Each record has to be returned exactly as it appears.

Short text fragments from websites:
• • • •

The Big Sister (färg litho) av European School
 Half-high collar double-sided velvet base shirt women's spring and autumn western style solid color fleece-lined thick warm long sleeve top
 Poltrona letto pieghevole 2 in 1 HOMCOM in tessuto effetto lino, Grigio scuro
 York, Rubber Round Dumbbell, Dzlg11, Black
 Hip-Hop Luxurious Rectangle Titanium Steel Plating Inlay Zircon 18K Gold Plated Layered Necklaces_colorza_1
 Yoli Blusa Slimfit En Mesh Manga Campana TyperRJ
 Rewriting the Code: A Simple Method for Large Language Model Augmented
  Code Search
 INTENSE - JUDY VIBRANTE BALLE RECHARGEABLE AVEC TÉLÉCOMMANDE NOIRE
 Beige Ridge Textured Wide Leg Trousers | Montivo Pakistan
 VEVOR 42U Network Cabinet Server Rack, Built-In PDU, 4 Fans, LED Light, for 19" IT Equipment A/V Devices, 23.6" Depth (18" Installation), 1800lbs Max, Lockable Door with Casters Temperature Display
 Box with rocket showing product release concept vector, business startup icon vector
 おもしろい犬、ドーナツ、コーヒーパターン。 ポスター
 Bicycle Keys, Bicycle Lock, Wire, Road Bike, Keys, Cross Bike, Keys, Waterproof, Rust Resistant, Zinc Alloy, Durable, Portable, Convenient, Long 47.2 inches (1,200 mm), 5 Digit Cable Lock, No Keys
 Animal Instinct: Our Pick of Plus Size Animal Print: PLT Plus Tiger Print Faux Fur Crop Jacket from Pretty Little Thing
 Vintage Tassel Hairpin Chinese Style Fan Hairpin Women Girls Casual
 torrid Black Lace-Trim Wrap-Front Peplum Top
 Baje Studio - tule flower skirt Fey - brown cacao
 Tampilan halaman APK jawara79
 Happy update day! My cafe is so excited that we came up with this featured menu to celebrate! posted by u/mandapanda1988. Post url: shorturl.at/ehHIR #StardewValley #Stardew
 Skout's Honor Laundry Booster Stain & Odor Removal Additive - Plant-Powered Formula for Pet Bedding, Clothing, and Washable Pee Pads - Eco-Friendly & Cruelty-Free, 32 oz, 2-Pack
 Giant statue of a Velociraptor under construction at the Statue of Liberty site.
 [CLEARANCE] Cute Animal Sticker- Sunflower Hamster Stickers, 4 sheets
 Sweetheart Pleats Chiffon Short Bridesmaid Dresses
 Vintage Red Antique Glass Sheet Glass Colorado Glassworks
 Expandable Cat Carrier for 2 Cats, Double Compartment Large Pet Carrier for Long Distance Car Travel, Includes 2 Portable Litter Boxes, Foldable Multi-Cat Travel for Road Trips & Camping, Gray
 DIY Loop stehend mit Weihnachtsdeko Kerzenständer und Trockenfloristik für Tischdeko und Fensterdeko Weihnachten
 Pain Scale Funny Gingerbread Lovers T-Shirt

• • • •

Exercise output:
The Big Sister (färg litho) av European School
 Half-high collar double-sided velvet base shirt women's spring and autumn western style solid color fleece-lined thick warm long sleeve top
 Poltrona letto pieghevole 2 in 1 HOMCOM in tessuto effetto lino, Grigio scuro
 York, Rubber Round Dumbbell, Dzlg11, Black
 Hip-Hop Luxurious Rectangle Titanium Steel Plating Inlay Zircon 18K Gold Plated Layered Necklaces_colorza_1
 Yoli Blusa Slimfit En Mesh Manga Campana TyperRJ
 Rewriting the Code: A Simple Method for Large Language Model Augmented
  Code Search
 INTENSE - JUDY VIBRANTE BALLE RECHARGEABLE AVEC TÉLÉCOMMANDE NOIRE
 Beige Ridge Textured Wide Leg Trousers | Montivo Pakistan
 VEVOR 42U Network Cabinet Server Rack, Built-In PDU, 4 Fans, LED Light, for 19" IT Equipment A/V Devices, 23.6" Depth (18" Installation), 1800lbs Max, Lockable Door with Casters Temperature Display
 Box with rocket showing product release concept vector, business startup icon vector
 おもしろい犬、ドーナツ、コーヒーパターン。 ポスター
 Bicycle Keys, Bicycle Lock, Wire, Road Bike, Keys, Cross Bike, Keys, Waterproof, Rust Resistant, Zinc Alloy, Durable, Portable, Convenient, Long 47.2 inches (1,200 mm), 5 Digit Cable Lock, No Keys
 Animal Instinct: Our Pick of Plus Size Animal Print: PLT Plus Tiger Print Faux Fur Crop Jacket from Pretty Little Thing
 Vintage Tassel Hairpin Chinese Style Fan Hairpin Women Girls Casual
 torrid Black Lace-Trim Wrap-Front Peplum Top
 Baje Studio - tule flower skirt Fey - brown cacao
 Tampilan halaman APK jawara79
 Happy update day! My cafe is so excited that we came up with this featured menu to celebrate! posted by u/mandapanda1988. Post url: shorturl.at/ehHIR #StardewValley #Stardew
 Skout's Honor Laundry Booster Stain & Odor Removal Additive - Plant-Powered Formula for Pet Bedding, Clothing, and Washable Pee Pads - Eco-Friendly & Cruelty-Free, 32 oz, 2-Pack
 Giant statue of a Velociraptor under construction at the Statue of Liberty site.
 [CLEARANCE] Cute Animal Sticker- Sunflower Hamster Stickers, 4 sheets
 Sweetheart Pleats Chiffon Short Bridesmaid Dresses
 Vintage Red Antique Glass Sheet Glass Colorado Glassworks
 Expandable Cat Carrier for 2 Cats, Double Compartment Large Pet Carrier for Long Distance Car Travel, Includes 2 Portable Litter Boxes, Foldable Multi-Cat Travel for Road Trips & Camping, Gray
 DIY Loop stehend mit Weihnachtsdeko Kerzenständer und Trockenfloristik für Tischdeko und Fensterdeko Weihnachten
 Pain Scale Funny Gingerbread Lovers T-Shirt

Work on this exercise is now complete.